Until yesterday, that is, when an acquaintance showed me an annotated list of the MAC steering committee.  I’m not going to replicate that list here until I can verify it.  But let me just give you the gist of it.

 The MAC steering committee included:

  • People who owned land on Maple Avenue.
  • At least one person working for a lender with financial interest in Maple Avenue property.
  • At least one real estate agent.
  • Town government insiders (e.g., board members) who did not live near Maple.
  • People that I have not yet been able to categorize.

Just contemplate that first bullet for a moment.  People who owned property on Maple were invited to help steer the development of regulations that directly affected the value of property on Maple. 

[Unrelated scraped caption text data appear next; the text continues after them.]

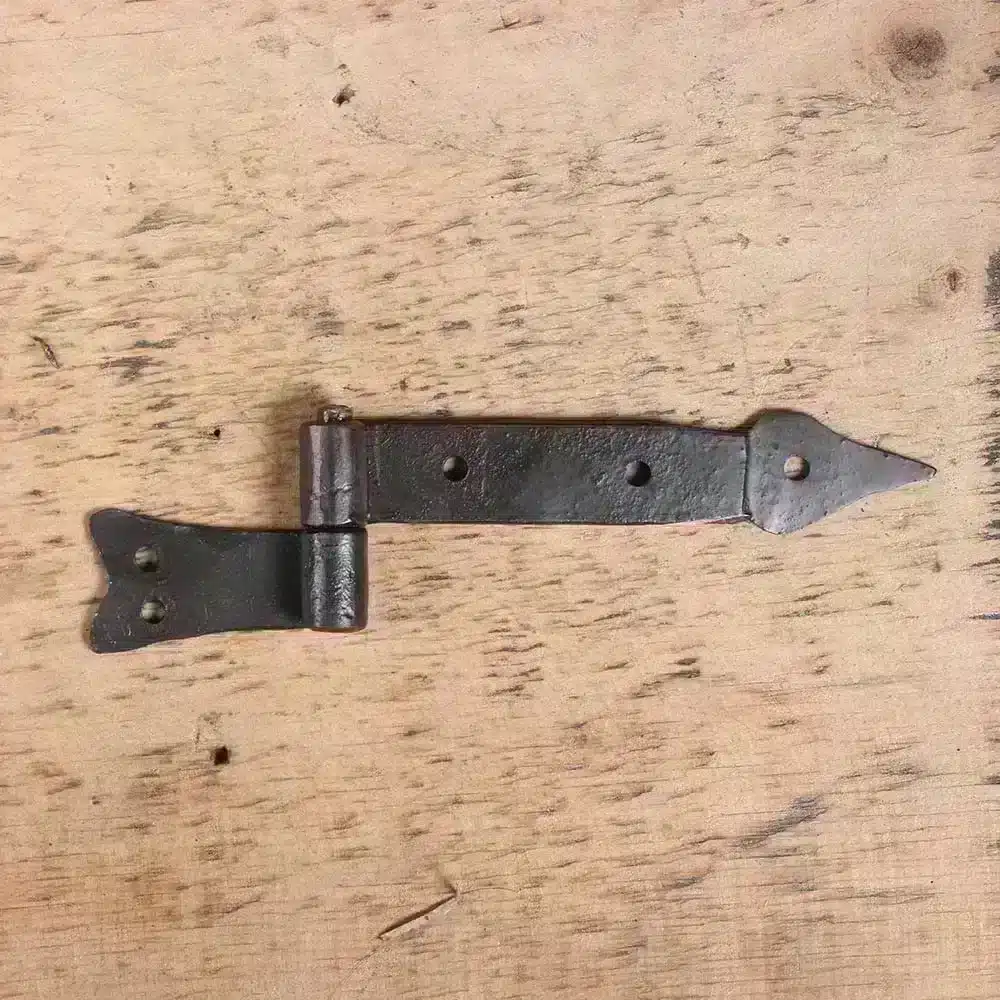 wrought_iron_arrow__droite_hinge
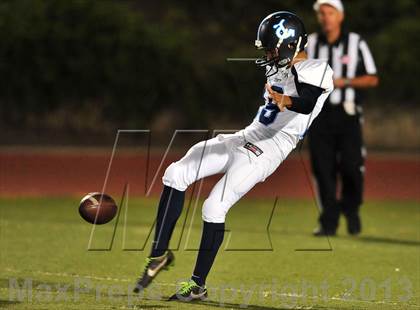 Thumbnail 3 in Azusa vs. Duarte (Homecoming) photogallery.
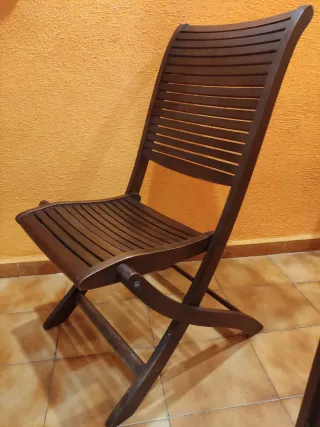 Silla de madera plegable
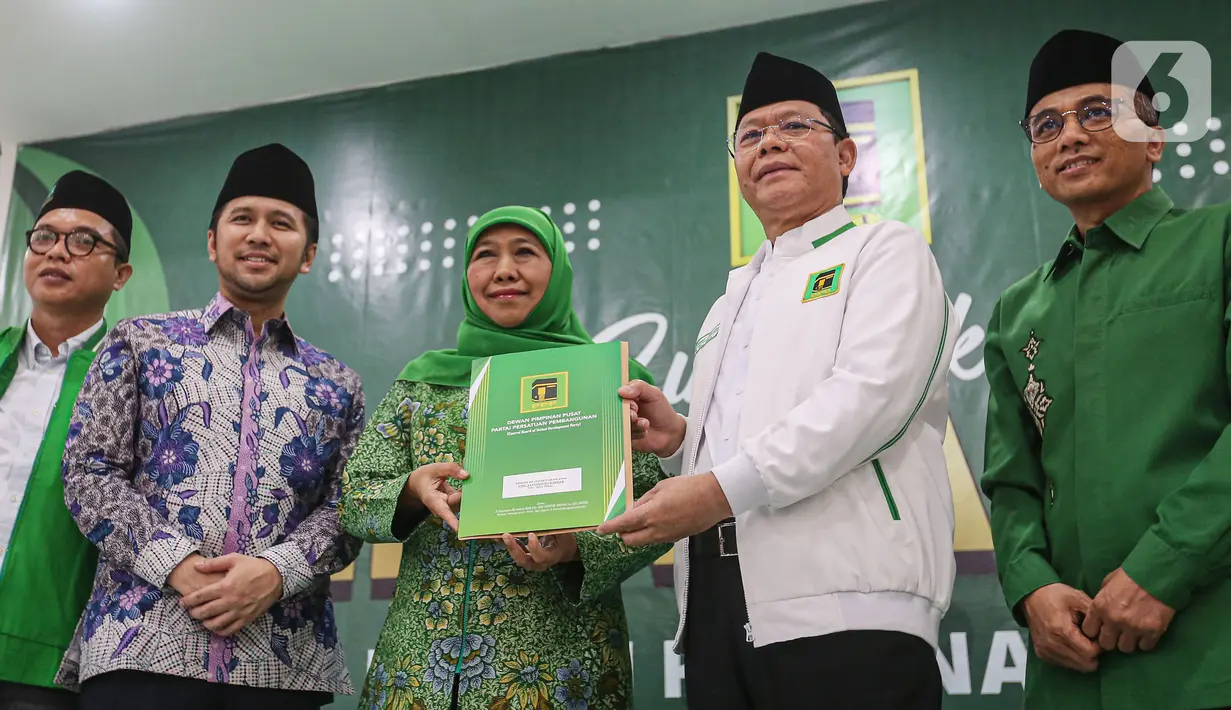 Selain PPP, sejumlah partai politik sudah menyatakan mendukung Khofifah-Emil, diantaranya Partai Demokrat, Partai Gerindra, Partai Golkar, Partai Amanat Nasional (PAN), Partai Solidaritas Indonesia (PSI) dan Partai Perindo. (Liputan6.com/Angga Yuniar)
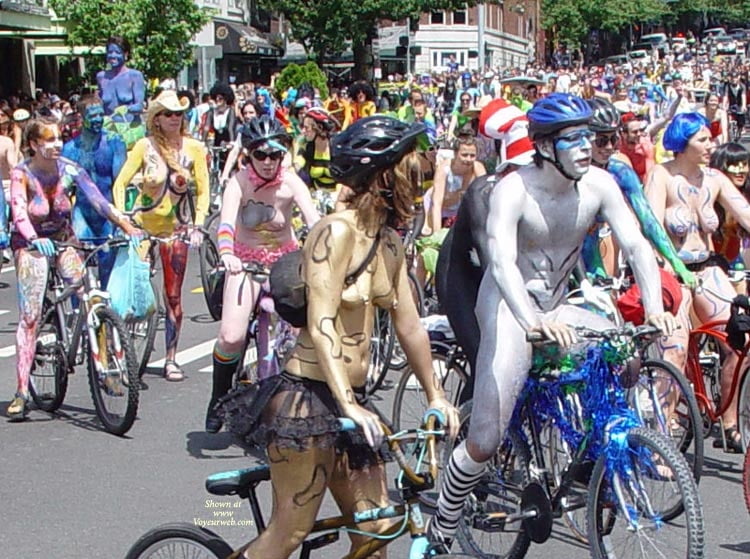 裸で自転車に乗る、裸で人前に出る、ファンタジー祭りなど
 #87434794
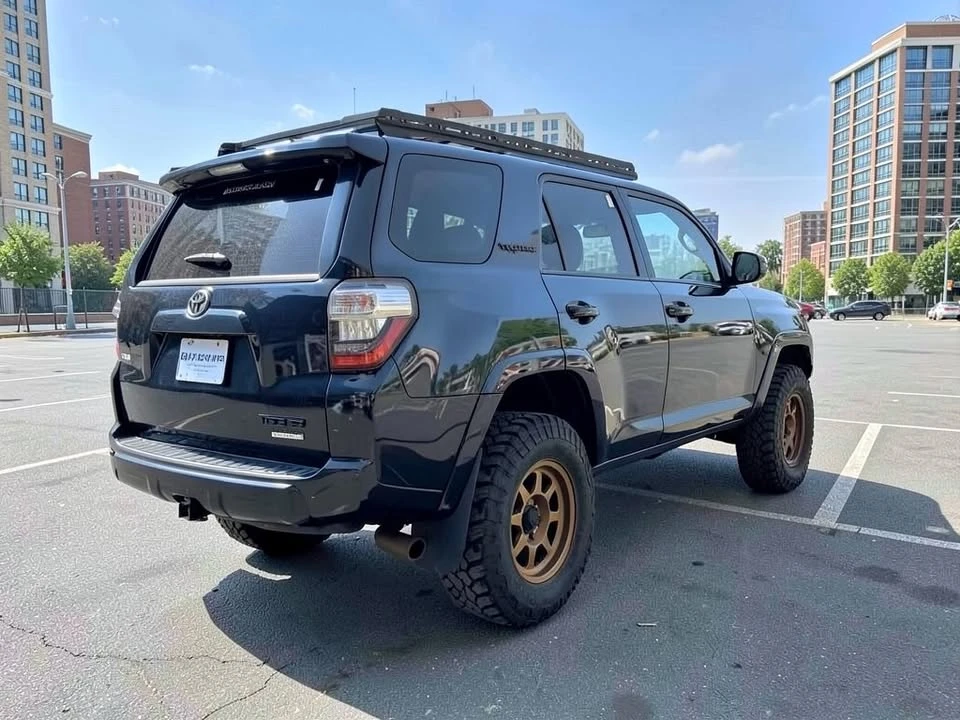 2020 Toyota 4Runner 5th Gen - Image 17 of 18
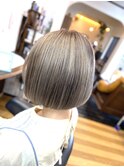 ハイトーングレージュ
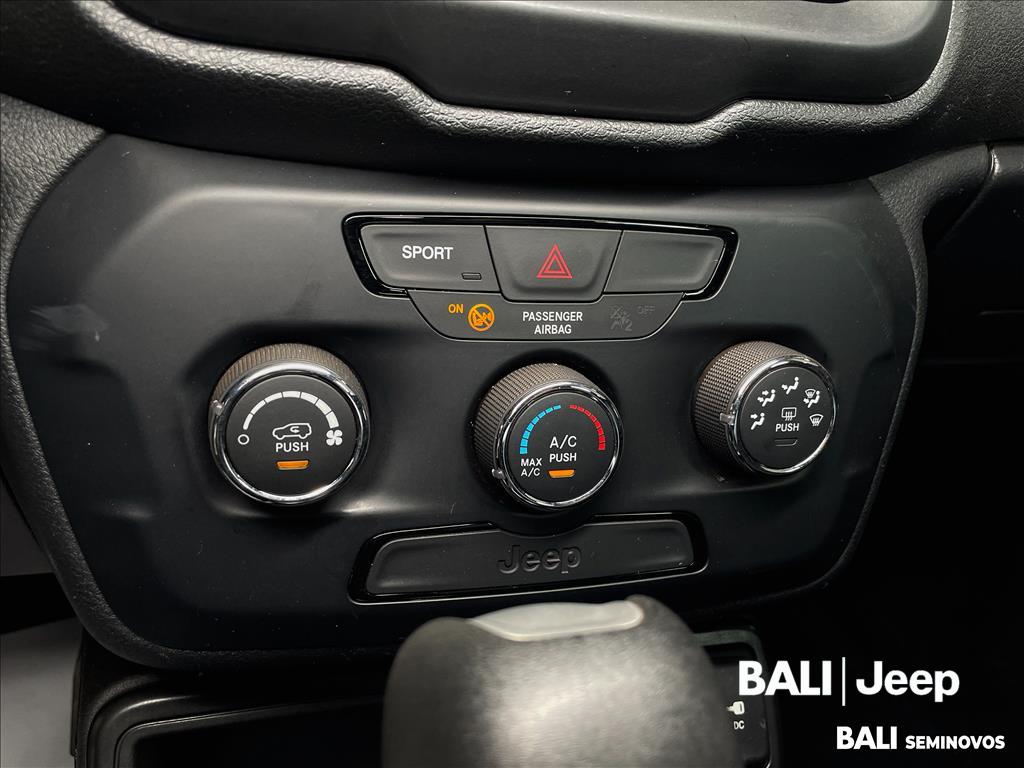 RENEGADE 1.8 16V FLEX SPORT 4P AUTOMÁTICO14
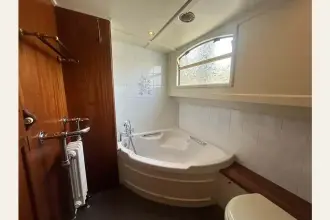 Thumbnail von Delta Luxe Motor' TRADITIONAL CHARM AND HOME LUXURIES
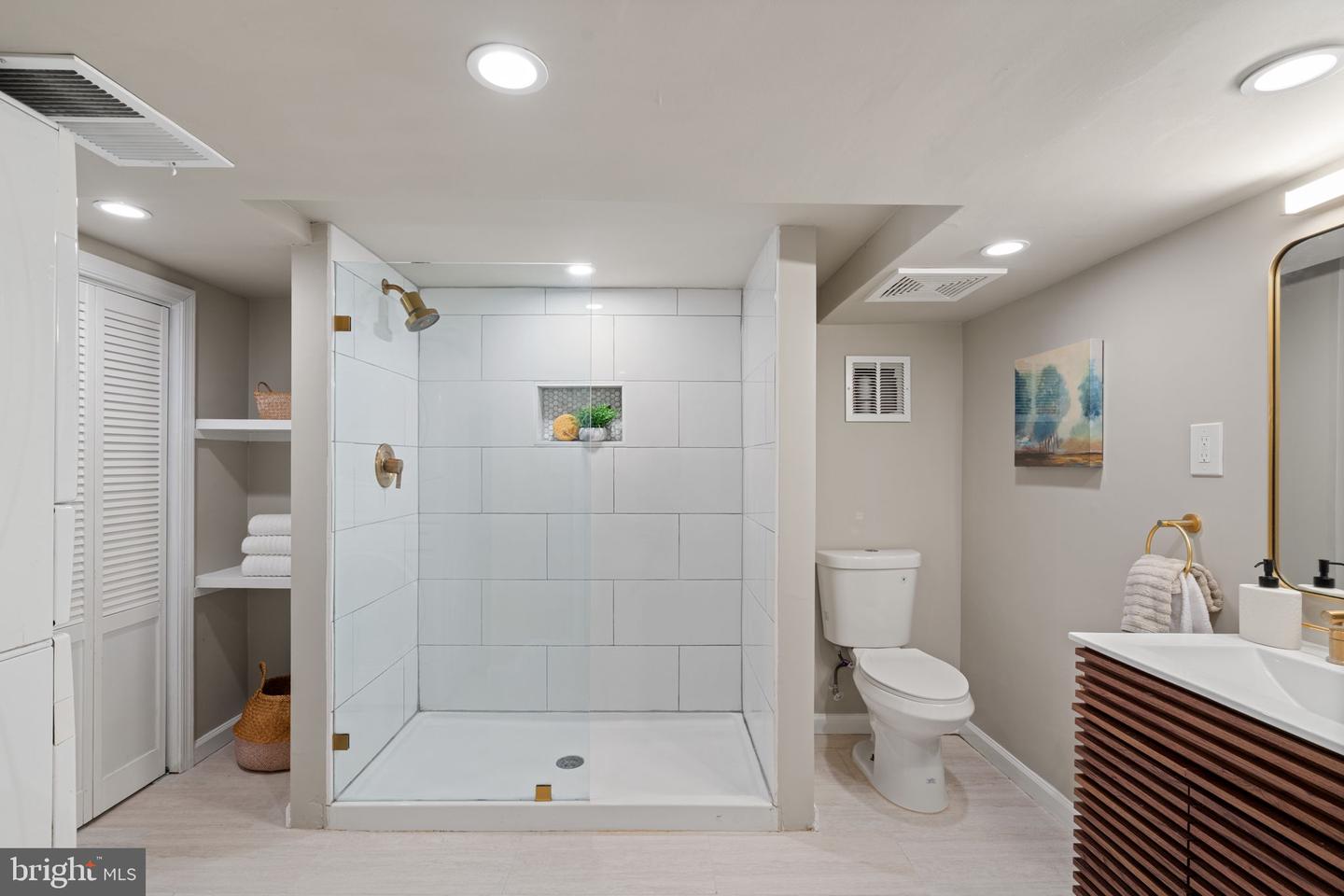 5915 EDGEHILL DR, ALEXANDRIA, Virginia 22303, 3 Bedrooms Bedrooms, ,2 BathroomsBathrooms,Residential,For sale,5915 EDGEHILL DR,VAFX2285658 MLS # VAFX2285658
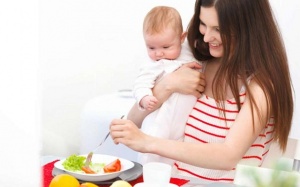9 lưu ý trong chế độ dinh dưỡng của phụ nữ đang cho con bú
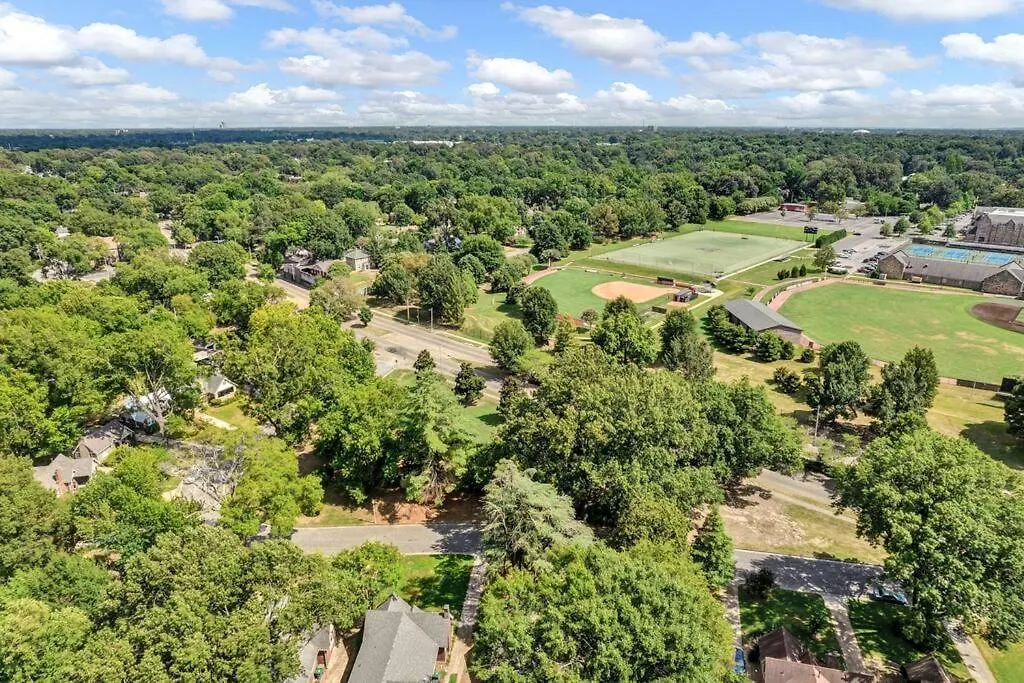 Cheerful Midtown Home With View Of Rhodes College Memphis United States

And voila, the whole thing now makes sense.  That’s what happened between the Maple Avenue Vision and MAC zoning.  That’s why MAC zoning appears so developer-friendly.  That’s why MAC zoning has clauses that appear to be in the interest of the citizens, but actually do nothing.  That’s why features get to be double-counted in the “incentives” portions of the law.  That’s why there’s no affordable housing component.  That’s why the buildings allowable under MAC are far too large for anyone to characterize them as “small town” structures.

And that’s why the law appears to have been written to maximize tax receipts from the new structures.  It wasn’t.  It was written to maximize the value of the MAC buildings.  Which, only incidentally, maximizes the Town’s tax receipts.

So let me now write the brief history of MAC in a way that makes sense.

The Town solicited citizen input in developing the Maple Avenue Vision.  I can no longer find that Maple Avenue Vision document on the Town website, so I hope somebody I know has a copy of it.  But it was very much a call to maintain small town Vienna, along with adding affordable housing and a mix of housing options.  It was a very “nice” view of the future of Vienna.  It was very much focused on keeping Vienna small.

Circa 2010, Town Council made up its mind that it wanted large buildings.   That appears to be when the height limit was decided upon.  No one has been able to question the height limit since.  And that’s when the town had various views of large, lot-covering buildings drawn up, e.g.,

In 2012, the steering committee was formed.  The Town describes this as representing a variety of interests.  Which is true.  But, as noted above, they did in fact include Maple Avenue land owners in the steering committee for a law that directly affected the value of their property.

And this steering committee — what I would term a committee of vested interests and professional interests — developed the MAC zoning that we now have.  I assume that the Town Council that wanted big buildings would have picked a steering committee to ensure that’s what they got.

And, one way or another, the nice sentiments of the Maple Avenue Vision where thrown away.   And we got the law that the Town Council wanted.  One that promotes the construction of large, lot-filling buildings.  One that requires nothing but upscale-retail space on the first floor.   And so on.

So when the Mayor talks about all the citizen input to MAC, that’s absolutely true.  But the key step that gets omitted is ”  … and then they threw that away and had landowners and related professionals draft the law that the Town Council wanted.”  And that’s how we got from that lovely Maple Avenue Vision of preserving “small town” Vienna, affordable housing, and so on, to $1.3M luxury condos (Marco Polo/Vienna Market) and a proposed building larger than a football field, 61′ tall (Tequila Grande/444 Maple West).